System 1. Heathrow Airport's IT system [95722, 95697] 2. Heathrow app [95697]
Responsible Organization 1. Heathrow Airport [95722, 95697] 2. British Airways [95722, 95697]
Impacted Organization 1. Passengers at Heathrow Airport [95722, 95697] 2. British Airways, the biggest airline at Heathrow [95722, 95697]
Software Causes 1. IT issues at Heathrow Airport affecting departure boards and check-in systems [95697, 95722] 2. Technical failures in Heathrow's IT system [95722] 3. IT glitch involving online check-in and flight departures systems at British Airways [95722]
Non-software Causes 1. Storm Dennis causing disruption at Heathrow Airport [95722, 95697] 2. Overcrowding and chaos at the airport due to the half-term weekend [95722]

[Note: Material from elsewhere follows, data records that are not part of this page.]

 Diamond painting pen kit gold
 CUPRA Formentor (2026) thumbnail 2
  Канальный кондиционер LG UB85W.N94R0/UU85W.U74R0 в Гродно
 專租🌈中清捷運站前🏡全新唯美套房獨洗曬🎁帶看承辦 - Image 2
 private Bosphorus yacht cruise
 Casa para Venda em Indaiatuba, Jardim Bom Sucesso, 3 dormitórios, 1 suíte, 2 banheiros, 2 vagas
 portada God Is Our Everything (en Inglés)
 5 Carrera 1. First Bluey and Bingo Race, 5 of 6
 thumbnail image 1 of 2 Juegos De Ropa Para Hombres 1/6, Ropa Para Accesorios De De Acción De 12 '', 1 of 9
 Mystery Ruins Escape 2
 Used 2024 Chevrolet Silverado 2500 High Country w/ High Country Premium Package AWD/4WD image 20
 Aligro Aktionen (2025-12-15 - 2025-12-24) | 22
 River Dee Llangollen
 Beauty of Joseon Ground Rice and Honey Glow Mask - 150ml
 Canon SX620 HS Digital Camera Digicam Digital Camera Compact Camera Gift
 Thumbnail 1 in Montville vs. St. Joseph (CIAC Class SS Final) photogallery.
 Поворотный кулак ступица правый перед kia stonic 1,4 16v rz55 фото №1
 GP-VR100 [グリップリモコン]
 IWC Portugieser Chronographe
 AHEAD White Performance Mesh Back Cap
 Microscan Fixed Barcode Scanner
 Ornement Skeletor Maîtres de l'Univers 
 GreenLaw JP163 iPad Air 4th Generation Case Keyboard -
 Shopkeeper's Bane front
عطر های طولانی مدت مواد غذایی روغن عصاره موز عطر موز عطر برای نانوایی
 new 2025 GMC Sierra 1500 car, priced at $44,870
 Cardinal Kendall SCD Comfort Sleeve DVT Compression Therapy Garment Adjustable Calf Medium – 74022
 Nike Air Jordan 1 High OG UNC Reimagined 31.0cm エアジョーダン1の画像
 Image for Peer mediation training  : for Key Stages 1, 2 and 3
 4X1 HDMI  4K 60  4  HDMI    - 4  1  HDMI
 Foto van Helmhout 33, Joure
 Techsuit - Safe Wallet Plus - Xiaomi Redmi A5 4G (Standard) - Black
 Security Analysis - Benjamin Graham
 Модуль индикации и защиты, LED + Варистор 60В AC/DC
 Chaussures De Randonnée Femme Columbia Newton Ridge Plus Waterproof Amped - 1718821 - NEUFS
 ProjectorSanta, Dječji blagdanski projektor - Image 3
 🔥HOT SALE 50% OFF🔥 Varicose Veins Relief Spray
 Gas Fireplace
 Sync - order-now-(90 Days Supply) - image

Impacts 1. Thousands of passengers had their flights cancelled or severely delayed at Heathrow Airport due to technical issues affecting departure boards and check-in systems [95697]. 2. British Airways cancelled 20 flights as a result of the IT issues at Heathrow Airport [95722]. 3. Passengers faced chaos, confusion, and inconvenience, with some being stranded and having to rely on handwritten whiteboards for flight information [95722, 95697]. 4. The IT failures led to disruptions in flight schedules, causing delays and cancellations, further compounded by bad weather conditions [95722, 95697]. 5. Passengers had to deal with lack of information, long queues at customer service desks, and challenges in finding staff for assistance [95722, 95697].
Preventions 1. Implementing robust IT system monitoring and maintenance protocols to detect and address potential issues before they escalate [95722]. 2. Conducting regular system testing and updates to ensure the smooth functioning of IT systems [95722]. 3. Enhancing communication channels between airport staff and passengers to provide timely and accurate information during disruptions [95722]. 4. Developing contingency plans and backup systems to mitigate the impact of technical failures on airport operations [95722]. 5. Improving coordination between airlines and airport authorities to streamline response efforts during IT incidents [95722].
Fixes 1. Implementing robust IT system monitoring and maintenance protocols to prevent future technical issues [95722, 95697] 2. Enhancing communication channels between airport staff and passengers to provide real-time updates during disruptions [95722] 3. Conducting a thorough review of the Heathrow app to address any potential issues causing inconvenience to passengers [95697]
References 1. Heathrow Airport officials [Article 95722, Article 95697] 2. Passengers affected by the incident, such as Sam Mills and Caitlin Gould [Article 95722, Article 95697] 3. British Airways [Article 95722, Article 95697] 4. Heathrow spokesperson [Article 95697] 5. Twitter users who reported issues with the Heathrow app [Article 95697]

Software Taxonomy of Faults

Category Option Rationale
Recurring one_organization, multiple_organization (a) The software failure incident has happened again at one_organization: British Airways, the biggest airline at Heathrow Airport, experienced cancellations due to Heathrow's IT issues combined with disruption caused by Storm Dennis. British Airways had previously faced high-profile IT failures, including an incident in August the previous year where over 100 flights were cancelled and 200 were delayed due to an IT glitch involving online check-in and flight departures [95722]. (b) The software failure incident has happened again at multiple_organization: The article mentions that the technical issues at Heathrow Airport affected a number of airlines, not just British Airways. The disruption caused by Heathrow's IT problems impacted several airlines operating at the airport [95722].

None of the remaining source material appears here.